Balakirev’s Tamara is a rarity in the concert hall, but on the strength of this outing it deserves more exposure. The inspiration was a poem by Mikhael Lermontov: a maiden lures male travellers, only to send them to a watery grave in the river. Conducting with his ‘toothpick’, Gergiev sculpted a performance that moved from great mystery (and superb scene-setting) to a transporting, mystical final section.
The Glazunov Violin Concerto is well served on disc but its length of just twenty minutes makes it difficult to programme. The most famous performance is probably that by Milstein, but the likes of Mutter and Vengerov have also recorded it. It is a glorious piece, glowing from within and bursting at the seams with those radiant melodies Glazunov seemed to have ever at his fingertips. Here the soloist was Roman Simović, since 2010 the leader of the LSO. His tone is beautiful, although there was a suspicion of under-projection and the piece needs a little more character from its interpreter than it received on this occasion. Technically, he is excellent – as was to be confirmed in no uncertain style by his encore – and his tone is sweet. But his lower register could be more gutsy and – strange point, perhaps – he’s not very good with rests. When Glazunov instructs him not to play, he seemed to have problems keeping still. He was very restless, very fidgety – and very distracting.
But there was that encore: Nathan Milstein’s transcription of the Liszt Mephisto Waltz No. 1 in a miraculous reading that showed far more than stunning pyrotechnics. There was an understanding of both the original spirit of the piece, and of how it maps out into this violin extravaganza. Stunning.

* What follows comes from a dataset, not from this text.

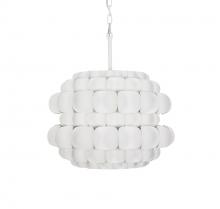  382P03MW - Swoon 3-Lt Pendant - Matte White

The second half comprised Rachmaninov’s First Symphony. There’s a story, perhaps true, that Glazunov conducted the première – and the only performance in the composer’s lifetime – while several sheets to the wind and the result was chaotic. There was no such problem here. This was clearly a well-rehearsed performance, the upper strings supremely together at speed, the brass a wall of magnificence. There was a Tchaikovskian depth of emotion to the long-breathed lines here, the dark side of the piece fully honoured in the first movement so that the Mendelssohnian flickerings of the second movement could make their full mark.
The slow movement, a Larghetto, does seem to have some padding from which not even Gergiev could rescue it, but there was no denying the perfect orchestral control. The finale had a fascinating underlying joyous feel and a wonderful lyric outpouring. Rachmaninov surely dreamt of a performance such as this.